Action Economics notes that mortgage rates are only about 50 basis points above the all-time lows set in mid-2003 during the deflation scare. "Unless rates move significantly higher from here, the housing market should continue to get support from such low interest rates," says Action. "Moreover, any further increase in interest rates will likely be accompanied by stronger job growth, which may diminish much of the effect of rising rates on activity."
Plus, home prices are still rising -- a sure sign that demand is outstripping supply. In today's report, the median price of a home was a record $206,000, while the average price was a record $255,000. This left the median rising a whopping 15.1% year-over-year and the average price rising 10.9% year-over-year, says Action Economics.
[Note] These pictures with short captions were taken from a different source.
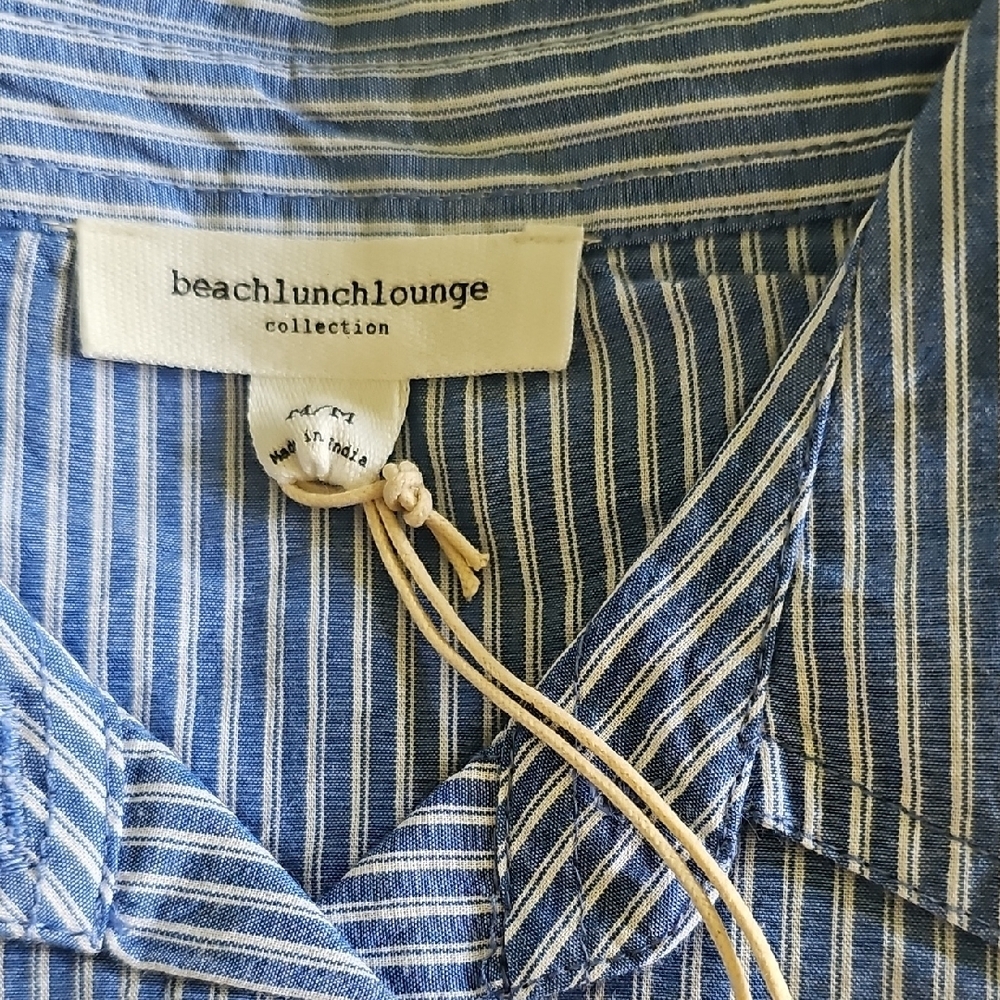 Beachlunchlounge Blue Pinstripe Button Down Shirt - Picture 8 of 8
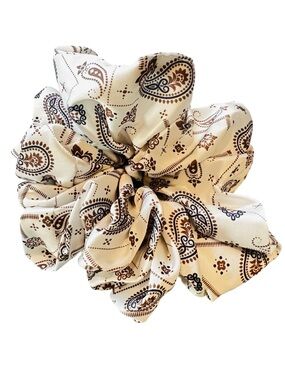 Western Print Oversized Hair Scrunchie Cream New
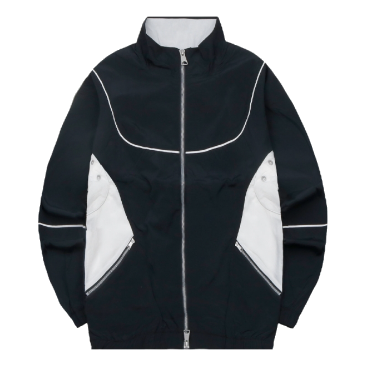 Supreme Logo Piping Hooded Track Jacket 'Black White' SUP-FW23-065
Sure, even Fed chief Alan Greenspan acknowledged there may be a "bubble" in some local areas. However, Action says it's worth noting that the weakest existing home sales data by region were in the West, where talk of a "real estate bubble" is the most prevalent. "The strongest data for all the housing reports are emerging from the South, where prices appear to remain consistent with asset valuation models, hence providing little support for the "bubble" theory," says Action. "It appears that broad strength in the housing sector can be seen as a separate phenomenon from the "bubble" in prices that may be emerging in urban markets in the West and Northeast," Action explains.
I agree with Action Economics' take that housing will stay strong for the time being. They conclude:
"In total, the existing home sales data add to widespread evidence that the housing sector remains strong, with little sign of near-term cooling ... It is unlikely that this boom in the housing sector will reverse itself before the Spring and Summer construction seasons are behind us."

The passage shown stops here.